For tooctal, tohex, and tobinary, there are two values in particular that are slightly tricky to implement: 0 and LONG_MIN. For 0, I recommend checking if the value is 0 and then just printing it out in the appropriate format as described above.
For every negative number value other than LONG_MIN, you can print a - followed by printing the positive number -value. Unfortunately, -LONG_MIN causes an overflow due to two’s complement. Fortunately, there’s a work around!
```
unsigned long uval;
if (value == LONG_MIN) {
  uval = LONG_MAX;
  uval += -(LONG_MAX + LONG_MIN);
} else if (value < 0) {
  uval = -value;
} else {
  uval = value;
}
```
Now you only have to deal with printing the positive value uval.
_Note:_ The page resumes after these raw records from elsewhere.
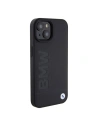 Hurtownia GSM - Etui BMW BMHMP15SSLLBK Apple iPhone 15 MagSafe hardcase Signature Logo Imprint negru/black - BMW509 - {ean13} - Hurt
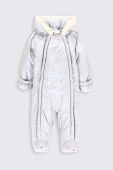 Комбінезон для немовлят Coccodrillo колір сірий (2817513) Комбінезон для немовлят Coccodrillo колір сірий (2817513)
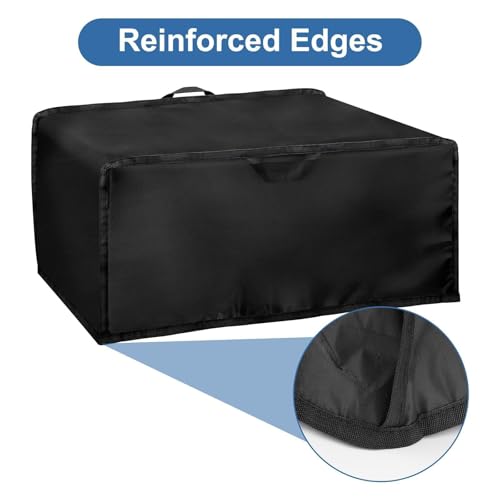 EEEKit 2PCS Printer Cover Compatible with HP Canon Epson Brother Printers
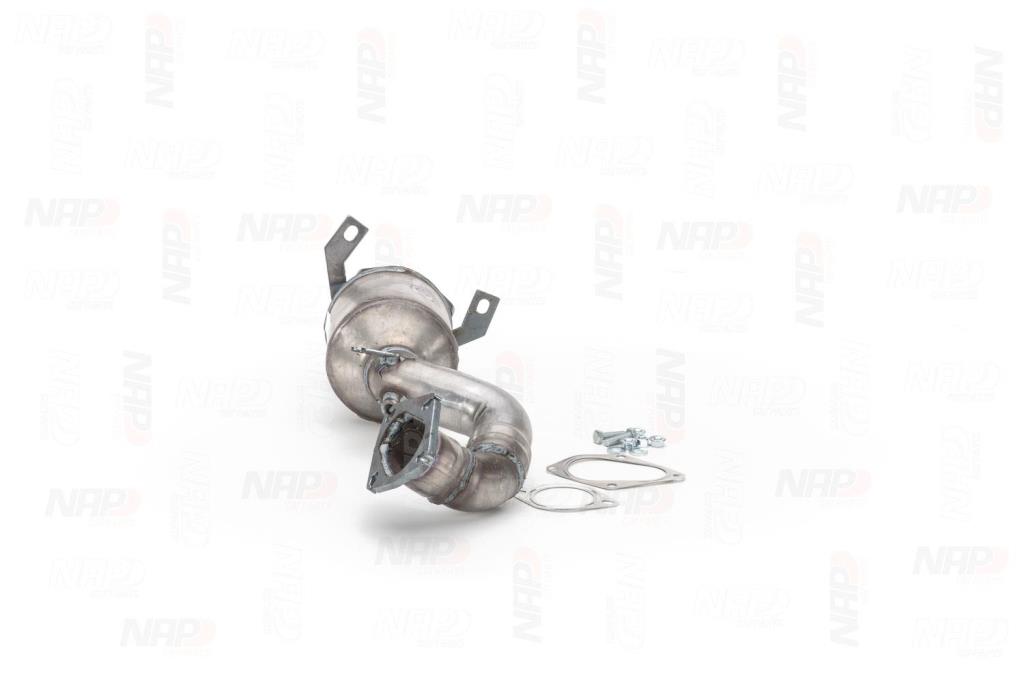 Catalyseur (Pot catalytique) NAP carPARTS ref. CAK11220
The reason this works is on a two’s complement machine, LONG_MAX + LONG_MIN will be $-1$ so the result is one more than LONG_MAX, but as an unsigned long. (On a sign and magnitude machine—which C supports!—LONG_MIN is precisely -LONG_MAX, so LONG_MAX + LONG_MIN is 0 which gives the correct result. If you’re willing to ignore sign and magnitude machines, you could also just write uval = LONG_MAX + 1UL; and it’d have the same effect. Do it whichever way you like but you definitely cannot do uval = LONG_MAX + 1;.)
At no point in time should your program segfault or generate errors when running under valgrind. We haven’t talked about valgrind yet, but you can run $ valgrind ./frequency <input_file (and similar for the others) and it will run your program and check for memory errors.
Be sure your program can handle both upper and lower case in hex. You’ll probably want to use some of the functions in ctype.h. Check out isxdigit(3) and the related functions mentioned in that man page.
Be sure to handle the special case of single ‘0’ character.
Be sure to handle the case where EOF immediately follows a valid integer.
Don’t forget to add these targets into your Makefile.